- The American Medical Group Association (AMGA) has made several recommendations to Congress to ensure that policies intended to support chronic care in fact do so, ranging from incentives for investing in and adopting care management tools to requirements for health data exchange and timely access to standardized data.
Last week, the organization submitted comments to the Senate Finance Committee Chronic Care Workgroup, many of which stressed the importance of health IT and information sharing to effective care management processes.
“Effective care management processes begin with an ability to identify and risk stratify patients with multiple chronic conditions. Clinical data is derived from medical group EMR systems and combined, when possible, with administrative claims data,” states the letter to Congress.

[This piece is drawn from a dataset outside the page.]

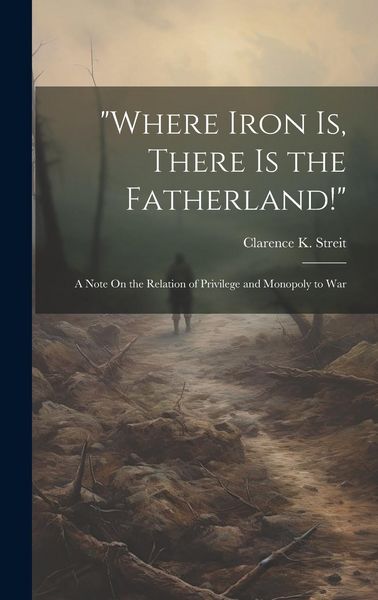 Produktbild: "Where Iron Is, There Is the Fatherland!": A Note On the Relation of Privilege and Monopoly to War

Although health IT has the potential to improve care management for the chronically ill, its effectiveness is limited by a number of factors, the group claims:
While easy to describe, the information technology (IT) and staff needed to create the infrastructure necessary to identify and care for chronically ill patients is enormous. Functions, data definitions, and clinical activities must be standardized and integrated into the IT and provider workflow across the system. EMR fields must be developed to capture data, data from many systems must be integrated, dashboards must be built to demonstrate care gaps and performance, and consistent education and support teams must be in place. Importantly, medical group leadership must champion the change management effort.
The AMGA highlights difficulties in accessing quality data from the Centers for Medicare & Medicaid Services (CMS), such as those faced by accountable care organizations (ACOs) which must convert CMS data into “a consistent format.”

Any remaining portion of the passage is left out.